Lee et al. report that contractile myosin filaments bind guanine nucleotide exchange factors (GEFs) to prevent the activation of Rho family GTPases, potentially coordinating the dynamics of migrating cells.
Cells move by sending out adhesive protrusions at their leading edge, a process controlled by actin-regulating GTPases like Rac and Cdc42. Myosin II motors then contract the actin cytoskeleton to pull the rest of the cell forward. How the alternating protrusions and contractions are synchronized is unknown, but Lee et al. found a hint when they discovered that myosin II directly binds members of the Dbl family of GEFs.

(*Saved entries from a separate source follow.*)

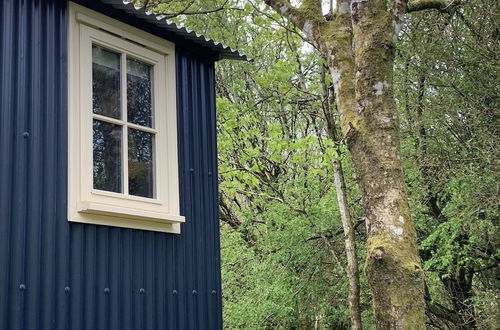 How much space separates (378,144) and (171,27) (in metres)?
2.20

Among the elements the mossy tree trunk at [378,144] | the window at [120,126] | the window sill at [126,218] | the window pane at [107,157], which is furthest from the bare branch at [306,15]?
the window sill at [126,218]

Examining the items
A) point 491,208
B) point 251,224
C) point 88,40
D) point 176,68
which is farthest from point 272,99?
point 88,40

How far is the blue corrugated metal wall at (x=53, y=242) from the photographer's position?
4.40 meters

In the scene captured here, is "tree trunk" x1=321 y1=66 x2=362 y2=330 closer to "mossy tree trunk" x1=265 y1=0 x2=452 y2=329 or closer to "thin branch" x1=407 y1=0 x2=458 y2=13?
"thin branch" x1=407 y1=0 x2=458 y2=13

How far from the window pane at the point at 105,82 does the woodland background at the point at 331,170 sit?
4.24 meters

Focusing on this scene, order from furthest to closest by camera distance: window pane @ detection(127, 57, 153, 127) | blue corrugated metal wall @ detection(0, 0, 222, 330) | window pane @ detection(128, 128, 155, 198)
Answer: window pane @ detection(127, 57, 153, 127)
window pane @ detection(128, 128, 155, 198)
blue corrugated metal wall @ detection(0, 0, 222, 330)

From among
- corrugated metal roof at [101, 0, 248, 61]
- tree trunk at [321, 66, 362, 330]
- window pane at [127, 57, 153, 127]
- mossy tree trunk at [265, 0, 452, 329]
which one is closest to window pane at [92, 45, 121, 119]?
window pane at [127, 57, 153, 127]

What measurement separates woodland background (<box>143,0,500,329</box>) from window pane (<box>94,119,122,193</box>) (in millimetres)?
4469

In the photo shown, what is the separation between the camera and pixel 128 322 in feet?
16.4

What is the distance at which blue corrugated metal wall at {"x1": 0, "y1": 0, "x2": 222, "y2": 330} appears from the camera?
14.4 feet

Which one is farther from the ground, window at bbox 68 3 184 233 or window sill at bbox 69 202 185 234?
window at bbox 68 3 184 233

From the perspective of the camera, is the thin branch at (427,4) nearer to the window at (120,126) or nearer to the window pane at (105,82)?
the window at (120,126)

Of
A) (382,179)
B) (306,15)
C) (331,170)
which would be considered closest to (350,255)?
(331,170)

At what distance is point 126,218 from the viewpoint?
511 centimetres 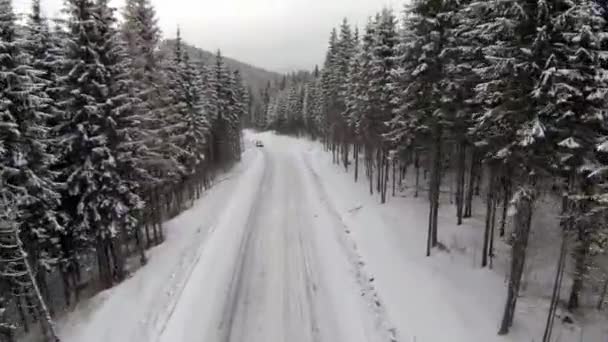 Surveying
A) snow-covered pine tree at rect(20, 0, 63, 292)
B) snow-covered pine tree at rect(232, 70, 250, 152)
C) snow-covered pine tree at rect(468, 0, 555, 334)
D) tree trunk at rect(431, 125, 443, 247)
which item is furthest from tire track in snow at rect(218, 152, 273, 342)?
snow-covered pine tree at rect(232, 70, 250, 152)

Dbl GEFs preferentially bound myosin II assembled into actomyosin fibers, and interacted via their catalytic domains. The GEFs were thus inactive when associated with myosin filaments. Inhibiting myosin's contractile ATPase activity triggered their release, allowing them to activate GTPases and induce membrane protrusions. The motility-stimulating growth factor PDGF also liberated GEFs from myosin fibers, and blocking this release reduced PDGF-induced Rac activation and cytoskeletal rearrangements.
The interaction between myosin II and Dbl family GEFs could therefore coordinate contraction and protrusion. Senior author Eung-Gook Kim now wants to investigate whether migrating cells employ this mechanism by using biosensors to monitor where and when GTPases are activated in response to changes in myosin II contractility.